Pictures with short captions:
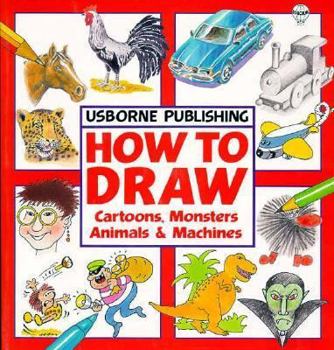 Paperback How to Draw Cartoons, Monsters, Animals, and Machines Book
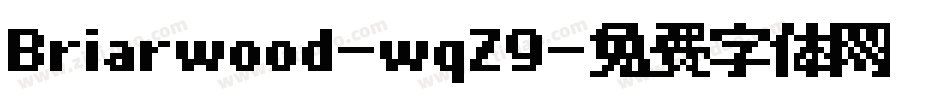 Briarwood-wqZ9字体转换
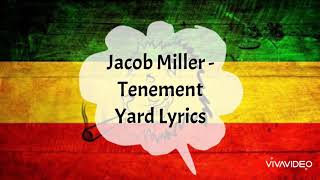 Jacob Miller  Tenement Yard Lyrics [upl. by Lossa]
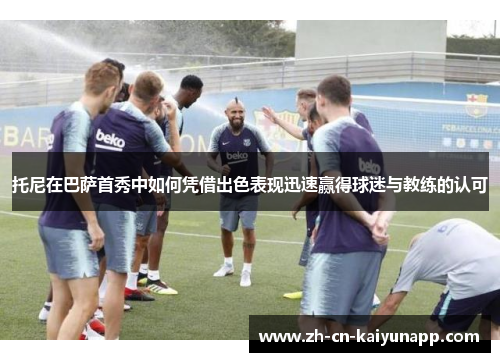托尼在巴萨首秀中如何凭借出色表现迅速赢得球迷与教练的认可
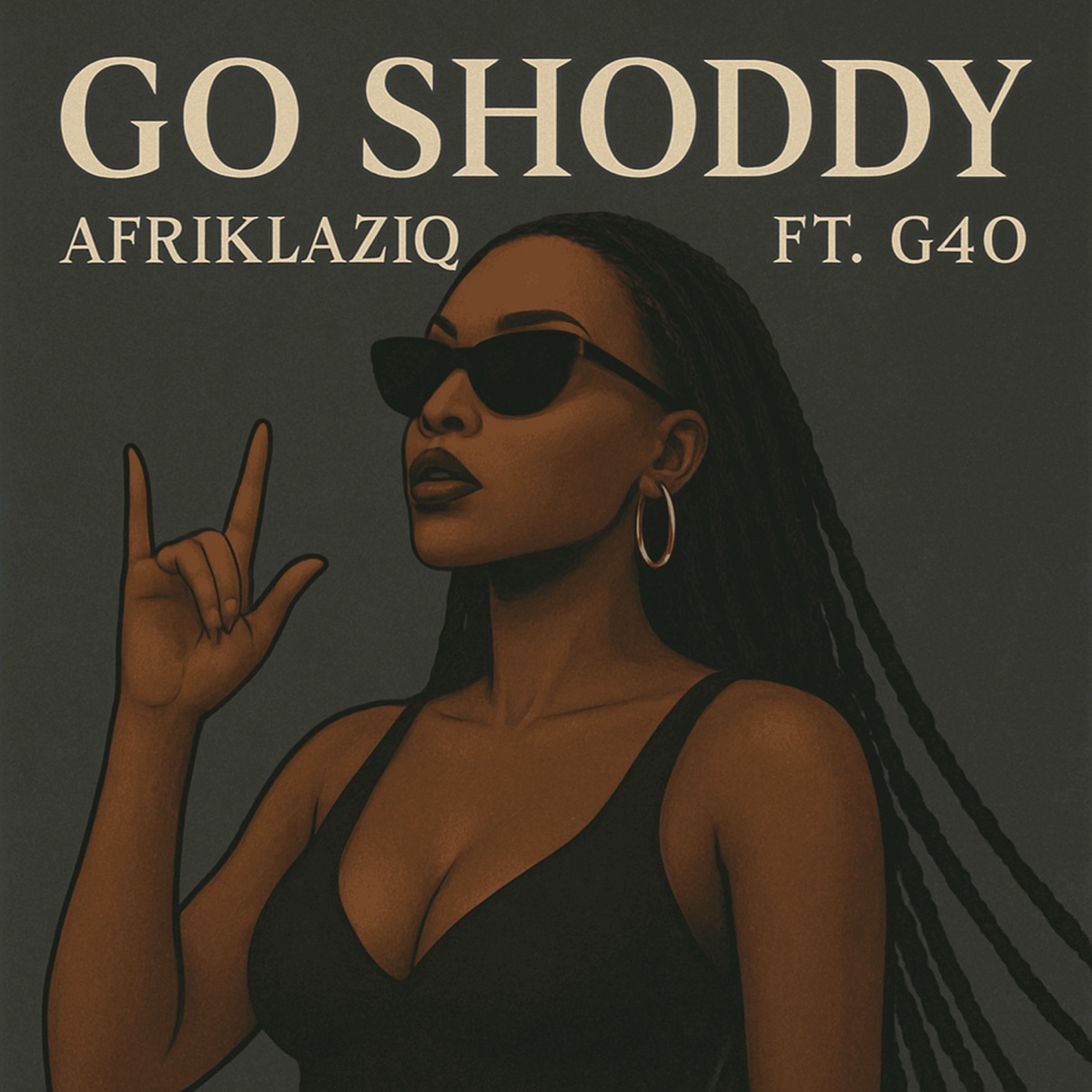 Go Shoddy (feat. G40) - Single by AfriKlaziQ album cover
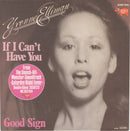 Yvonne Elliman : If I Can't Have You (7", Single)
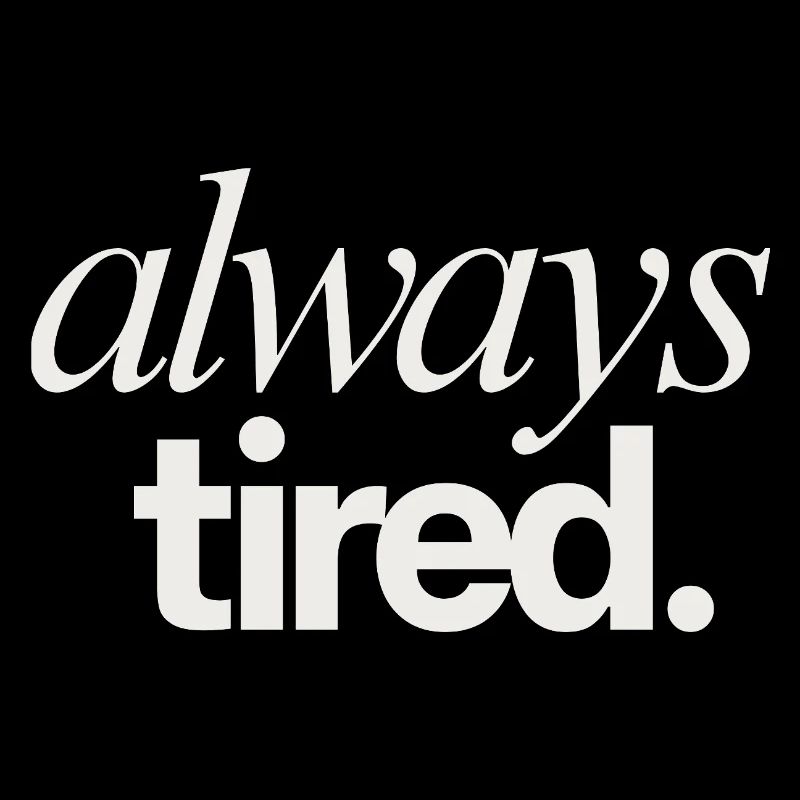 Always Tired Life Theme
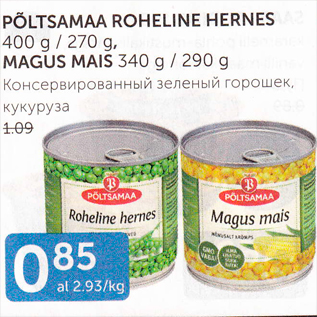 Allahindlus - PÕLTSAMAA ROHELINE HERNES 400 G / 270 G, MAGUS MAIS 340 G / 290 G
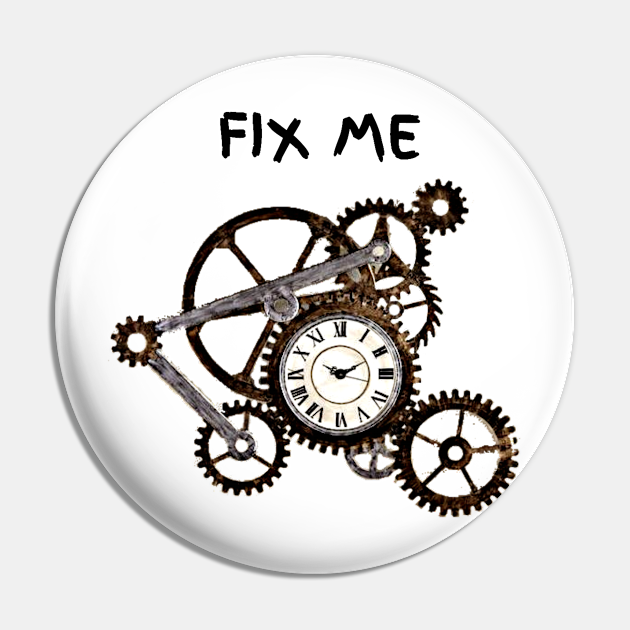 Fix me Sayings Phrases Pin TeePublic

◆ Problem to solve
Could you retype every line above exactly as it appears, skipping the pictures?

◆ Task output
 Paperback How to Draw Cartoons, Monsters, Animals, and Machines Book
 Briarwood-wqZ9字体转换
 Jacob Miller  Tenement Yard Lyrics [upl. by Lossa]
托尼在巴萨首秀中如何凭借出色表现迅速赢得球迷与教练的认可
 Go Shoddy (feat. G40) - Single by AfriKlaziQ album cover
 Yvonne Elliman : If I Can't Have You (7", Single)
 Always Tired Life Theme
 Allahindlus - PÕLTSAMAA ROHELINE HERNES 400 G / 270 G, MAGUS MAIS 340 G / 290 G
 Fix me Sayings Phrases Pin TeePublic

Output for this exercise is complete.